Karmic Balance for the Ears

Two perfectly offsetting music-listening phenomena today.

Tried two albums from the archives for my pre-coffee floor workout and they were both stinkers (admittedly from the must-listen-to-more shelves), which half-wrecked the workout.

The reverse energy came from listening in the car.

Reina del Cid’s Rerun City (self-released) charmed me the first time through but the second listen convinced me there’s only a couple ordinary tracks on it and that “Let’s Begin” is a tender masterwork. Albums released in December get lost but I’m going to write a plug for her show on Feb. 24 at Atwood’s. Boston locals should go.

I had all these objections to 20 Years in a Montana Missile Silo (Cherry Red) by Pere Ubu the first time I heard it. Songs too short. David Thomas is going through the motions. I could hear the arty punk but not the party punk. This time through, all that just vanished.
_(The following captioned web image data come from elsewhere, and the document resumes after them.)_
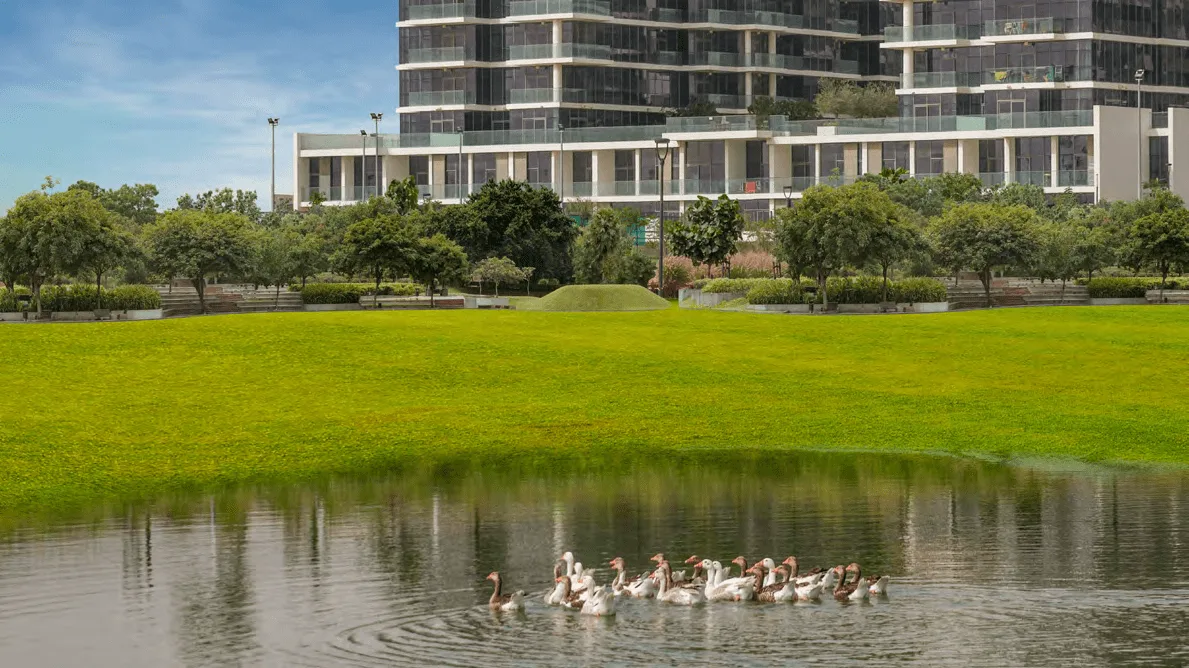 The Park amenity image at Damac Hills - Park Town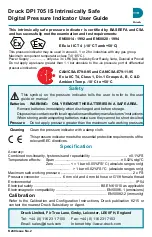 Druck DPI 705 IS User Manual preview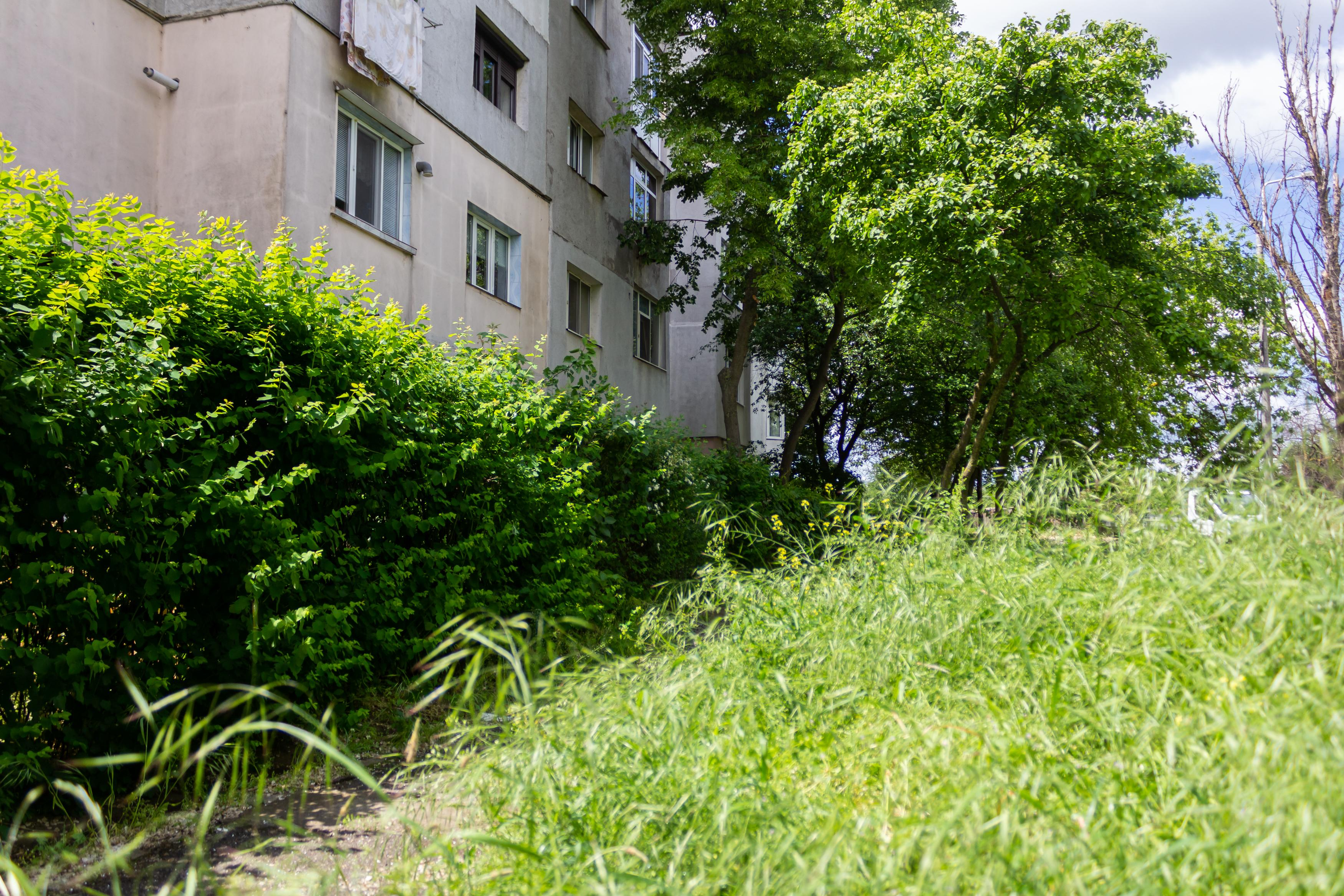 Galațiul, invadat de buruieni şi căpuşe (FOTO)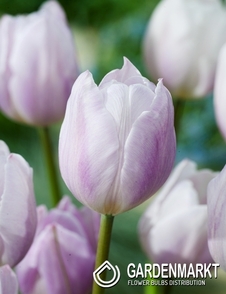 Tulipan Triumph Silver Cloud 5 szt.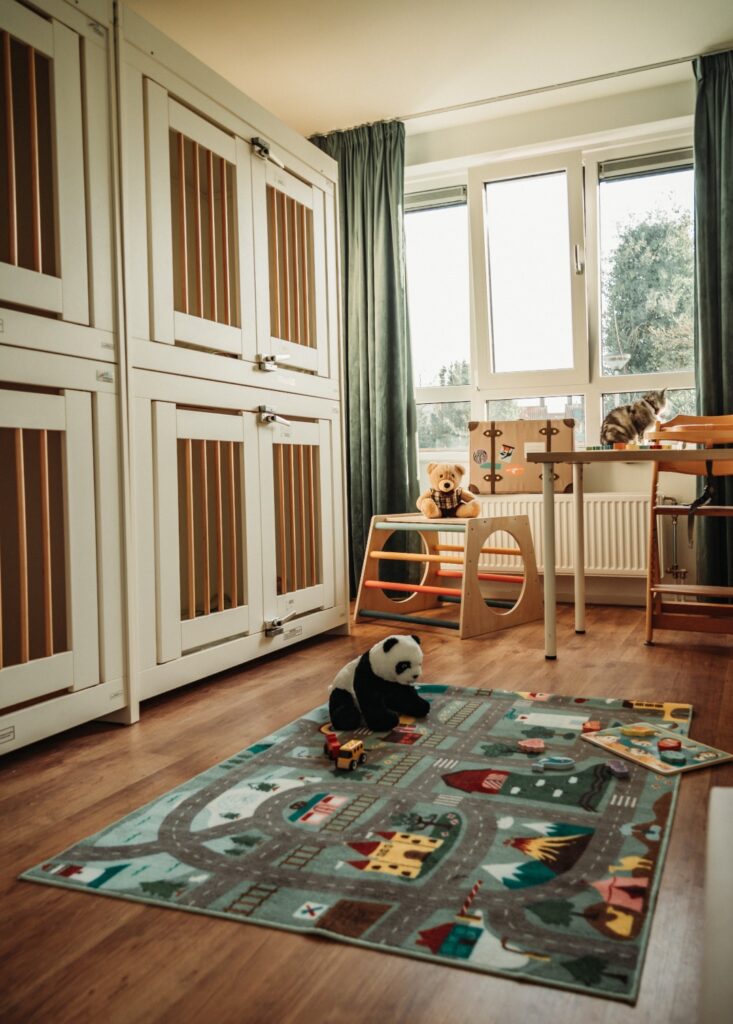 60e53ff8-195a-40ea-93b4-42ce93f191e7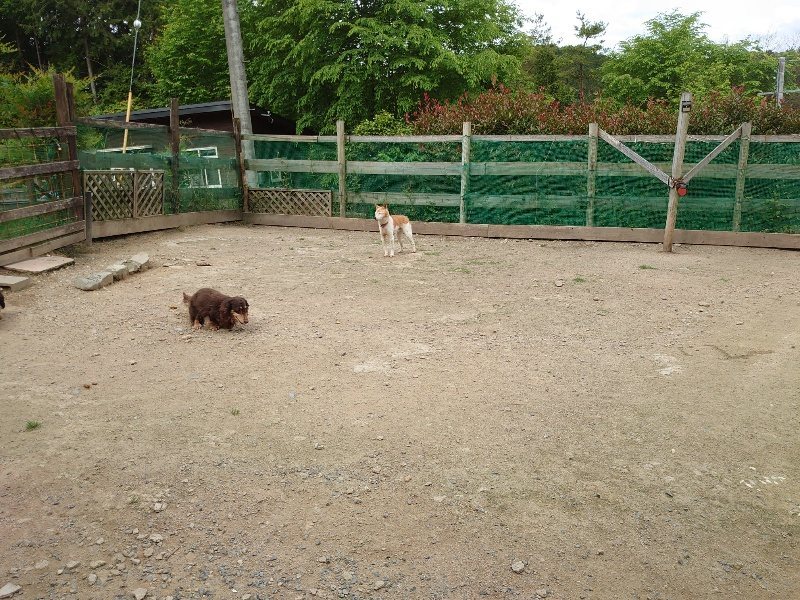 f:id:roukenhome-ann:20200525131801j:plain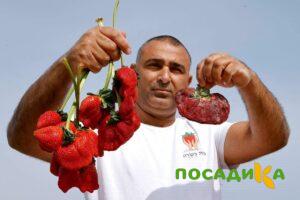 Клубника Гигант Джорнея купить по цене от 266р. в интернет-магазине «Посадика» с доставкой почтой в в Мариинске и по всей России – [изображение №1].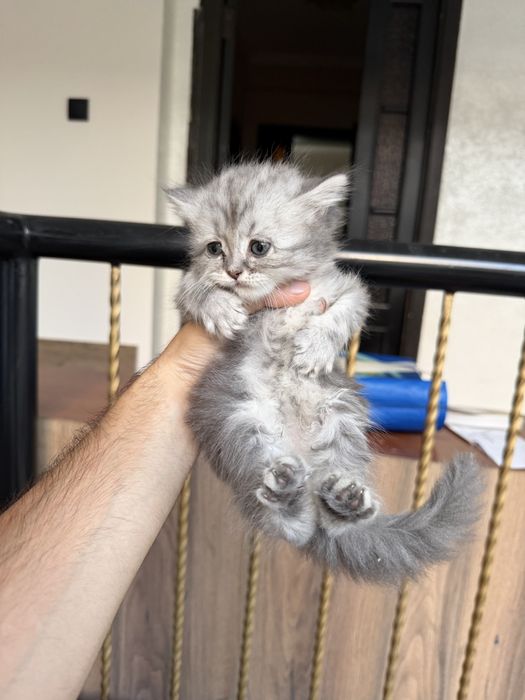 Scottish fold va strite
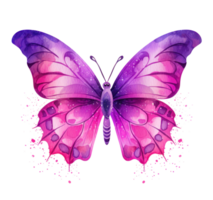 Watercolor butterfly isolated. png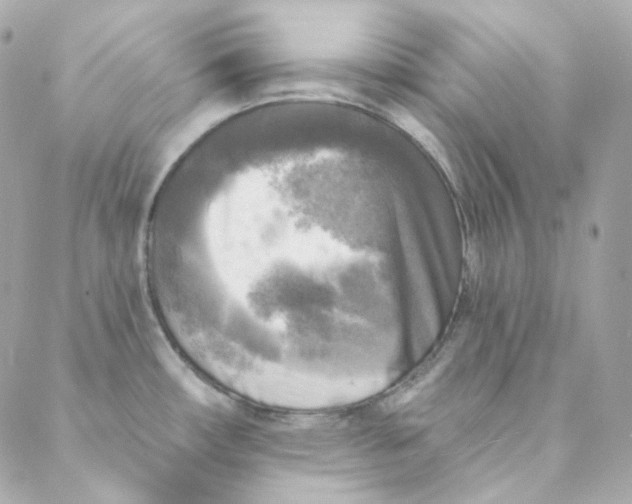 X0000088221482200706051310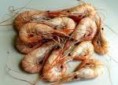 /album/galeria-de-fotos-medicina-tradicional-chinesa8/camar%c3%a3o-jpg/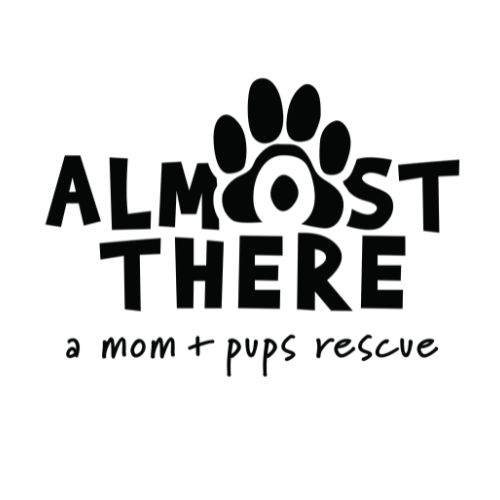 Almost There Rescue logo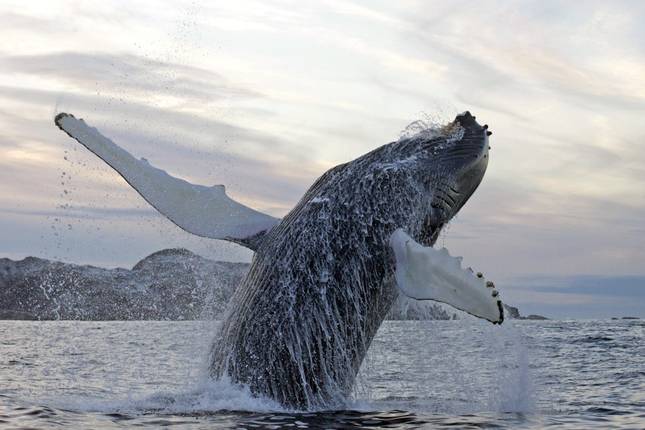Orcas and Humpback Whales Under The Northern Lights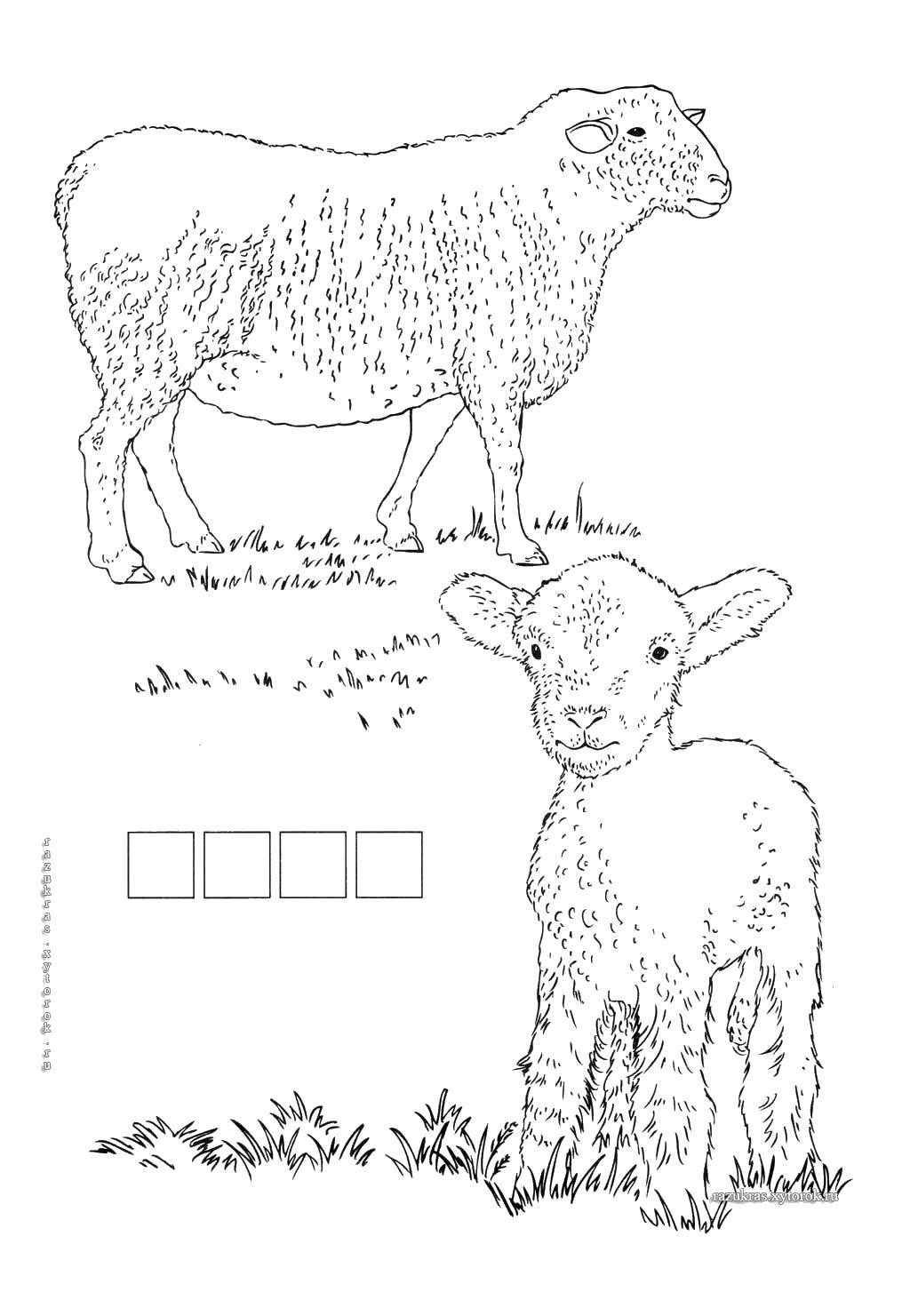 Название: Раскраска Овца и ягнёнок. Категория: домашние животные. Теги: Животные, овечка.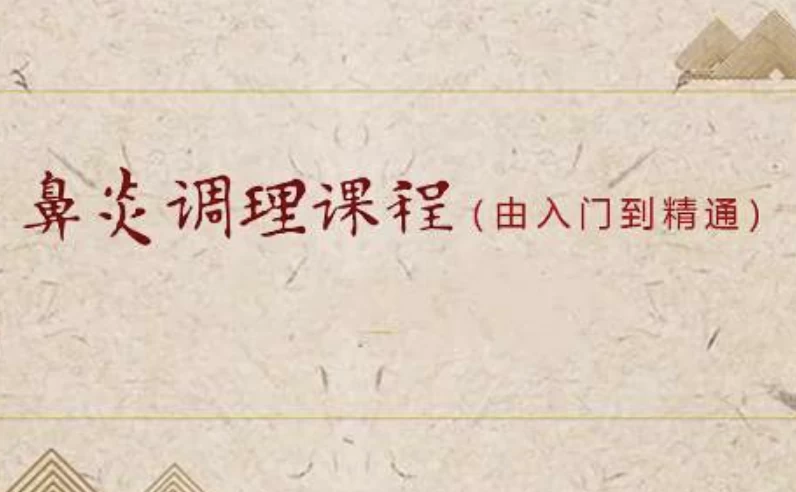小儿推拿之鼻炎调理课程（入门到精通）-十一网创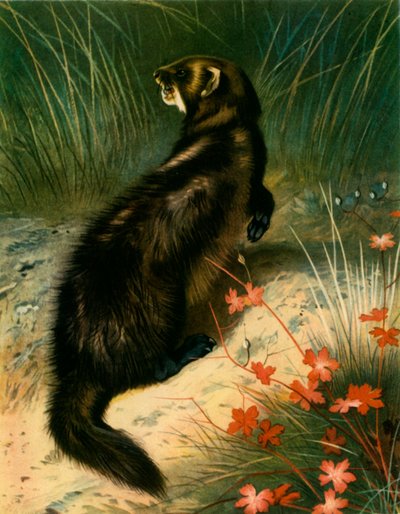 「ケナガイタチ」、1905 年頃、1943 年。 作： Archibald Thorburn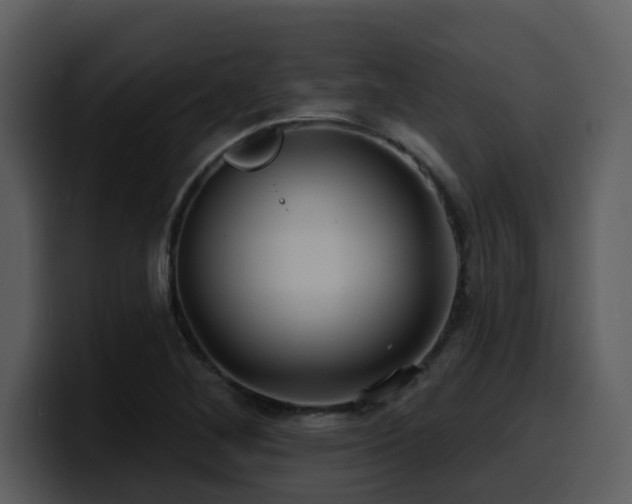 X0000100781268200806191255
Strong Top 20 candidate and will be on the year-end discs.

The Soundtrack That Was Supposed To Have Sustained Me in NYC

  1. Laurie Anderson and Kronos Quartet, Landfall (Nonesuch — coming out Feb. 16)
  2. Courtney Barnett/Kurt Vile, Lotta Sea Lice (Matador, etc.)
  3. Kit Downes, Obsidian (ECM — coming out January 19)
  4. Vijay Iyer Sextet, Far From Over (ECM) — which I didn’t put on my Top Jazz lists only because I figured everybody else would.
  5. Jaguares, [45] (BIKO/EMI, 2008) — these guys gave one of the most overwhelming shows D & I ever saw (saying something), and I happened to find out we did not have this, their last record to date.
  6. Khruangbin, Con Todo El Mundo (Night Time Stories). Poised, transcendent peace centered on voices.
  7. Populous, Night Safari (Bad Panda). See the Dean’s comments.
  8.  Steven Wilson, To The Bone (Caroline). Porcupine Tree guy mixes pop and progressive brilliantly. Prize winner in UK, strong cult figure in US. Hey, he had me with a song called “People Who Eat Darkness,” after the unbeatable, nonfiction murder mystery set in Japan.


End of an Era for Cuneiform

One of my all-time favorite labels.  Intelligent, experimental, all high-quality even on the rare occasion the music wasn’t my thing. Thanks to all — esp. ace publicist Joyce — for generous promotional material and enlightening sounds for many years.